# how to transfer on baby bib white ? need help on this



## hanna21 (Jan 24, 2017)

i know how to do transfer process done some on black and white tshirts but am looking to do baby bibs and i done 3 so far , the problem with the bib is it has this plastic sheet under it and with the heatpress it sort of mesesup.

also the sticky tape on it , i have to make sure that part of this area is out of the heatpress otherwise it melts and cannot stick it on no more.

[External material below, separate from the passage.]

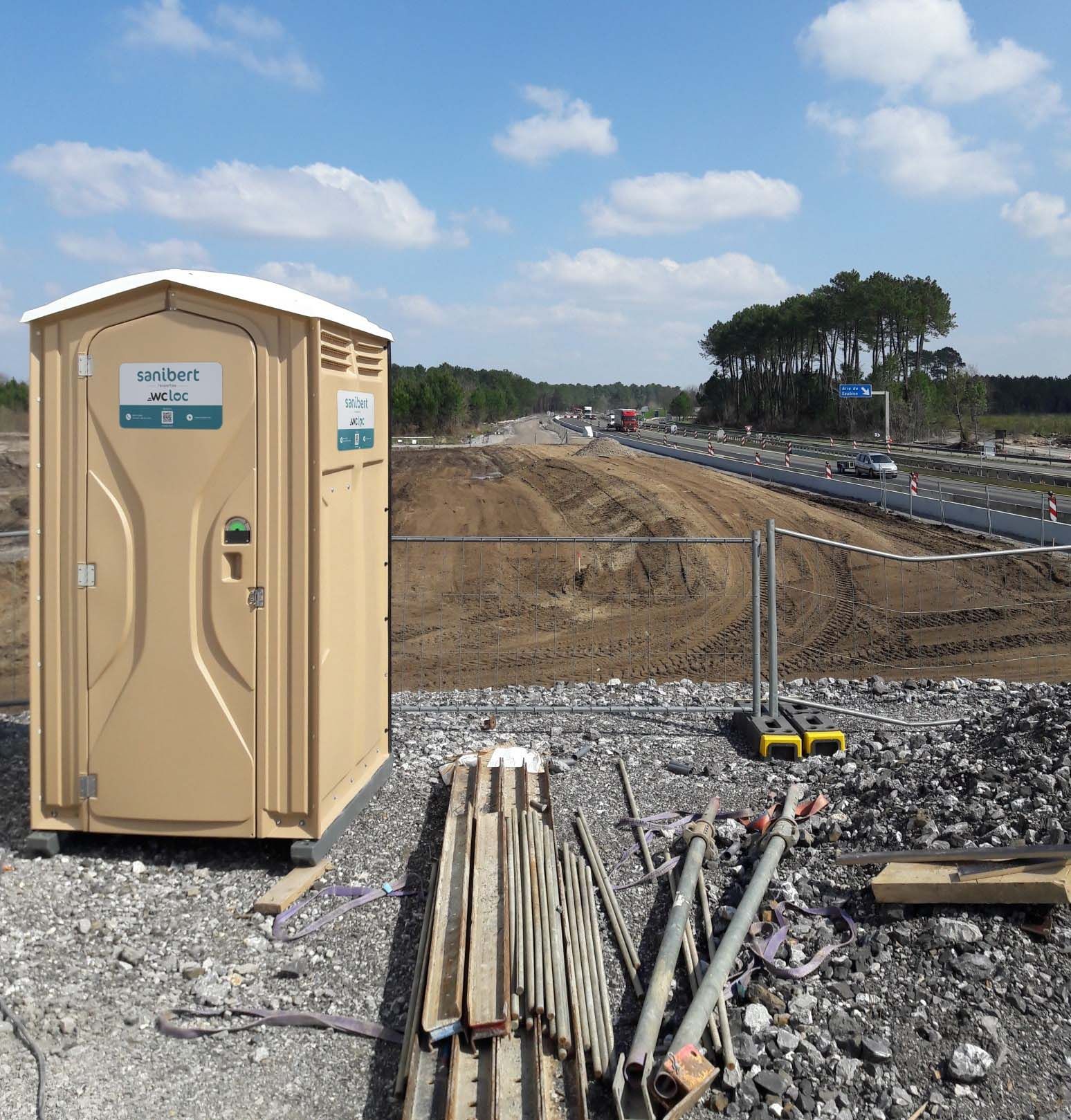 Toilettes portatives beiges sur une surface de gravier avec des matériaux de construction devant une autoroute en construction par une journée ensoleillée.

the meterial is like hair u can swipe it left or right , how do i work on this to get best results


















Fabric composition: 65% Cotton, 35% Polyester
Polyethylene ethylene vinyl acetate backing
Warning: Keep away from fire and flames.

am using jpss light.


----------



## chuckh (Mar 22, 2008)

I wouldn't use a heat applied transfer on that product for the exact reason you are having issues.
If I had those bibs, I would screenprint with an air dry, water base ink.

If you want to heat apply transfers to bibs, get a different bib w/o the backing.


----------



## hanna21 (Jan 24, 2017)

chuckh said:


> I wouldn't use a heat applied transfer on that product for the exact reason you are having issues.
> If I had those bibs, I would screenprint with an air dry, water base ink.
> 
> If you want to heat apply transfers to bibs, get a different bib w/o the backing.




this was not 100% cotton.

should i get my self a 100% cotton wil it transfer on it better.


----------



## chuckh (Mar 22, 2008)

That's what I would do. Also, see if you can find one with a shorter nap...it should help with the adhesion/durability of your transfer. 

Bibs for sublimation (100% polyester) will be white and very smooth. 

I'm big into ordering samples and trying a few different brands or styles, and then sticking with those that work best.

Good luck!


----------



## splathead (Dec 4, 2005)

Most of the bibs you find at wholesalers like Sanmar and TSC will not have the vinyl backing.


----------



## bibsanddribble (Mar 13, 2017)

you are trying to transfer onto a PUL, basically it's a fabric that has been 'laminated' with a plastic, I defently wouldn't try to use a heat press with them, I would either embroider or screen print them


----------